Word for word, set down every line of the entries below from the line with "予約商品【ナイジェル・ケーボン】MAN / ファーマースタンドシャツ" to the line with "Delicate bouquet of", including both, and no other line.

[Opening Supplied entries section]

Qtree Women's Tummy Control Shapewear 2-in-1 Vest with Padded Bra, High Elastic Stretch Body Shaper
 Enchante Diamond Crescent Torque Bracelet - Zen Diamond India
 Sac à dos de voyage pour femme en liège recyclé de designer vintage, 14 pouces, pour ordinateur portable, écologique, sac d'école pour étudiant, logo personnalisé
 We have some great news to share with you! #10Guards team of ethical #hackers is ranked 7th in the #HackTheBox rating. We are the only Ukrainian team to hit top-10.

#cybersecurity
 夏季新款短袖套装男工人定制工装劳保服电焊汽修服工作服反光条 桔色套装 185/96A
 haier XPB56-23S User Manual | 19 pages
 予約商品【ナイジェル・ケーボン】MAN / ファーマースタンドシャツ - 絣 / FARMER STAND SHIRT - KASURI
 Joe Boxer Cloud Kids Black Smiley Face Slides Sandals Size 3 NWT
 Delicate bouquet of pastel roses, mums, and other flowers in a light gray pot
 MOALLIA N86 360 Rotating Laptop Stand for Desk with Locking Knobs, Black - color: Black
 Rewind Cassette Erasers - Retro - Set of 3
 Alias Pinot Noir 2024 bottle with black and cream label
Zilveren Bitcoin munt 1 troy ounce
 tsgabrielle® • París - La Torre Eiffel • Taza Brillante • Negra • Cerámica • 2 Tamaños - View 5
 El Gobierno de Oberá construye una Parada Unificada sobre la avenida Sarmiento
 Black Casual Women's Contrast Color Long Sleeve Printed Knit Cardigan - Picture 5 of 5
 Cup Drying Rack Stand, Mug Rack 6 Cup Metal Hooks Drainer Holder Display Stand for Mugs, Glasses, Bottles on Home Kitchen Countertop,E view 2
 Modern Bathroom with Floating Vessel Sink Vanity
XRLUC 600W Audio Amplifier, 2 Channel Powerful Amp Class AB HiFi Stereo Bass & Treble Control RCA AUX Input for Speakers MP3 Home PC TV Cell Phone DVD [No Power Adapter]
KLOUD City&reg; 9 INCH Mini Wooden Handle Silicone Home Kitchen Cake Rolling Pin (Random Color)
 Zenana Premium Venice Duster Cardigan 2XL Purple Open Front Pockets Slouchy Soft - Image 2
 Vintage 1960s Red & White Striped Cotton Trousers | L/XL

[Closing Supplied entries section]

Answer box —
 予約商品【ナイジェル・ケーボン】MAN / ファーマースタンドシャツ - 絣 / FARMER STAND SHIRT - KASURI
 Joe Boxer Cloud Kids Black Smiley Face Slides Sandals Size 3 NWT
 Delicate bouquet of pastel roses, mums, and other flowers in a light gray pot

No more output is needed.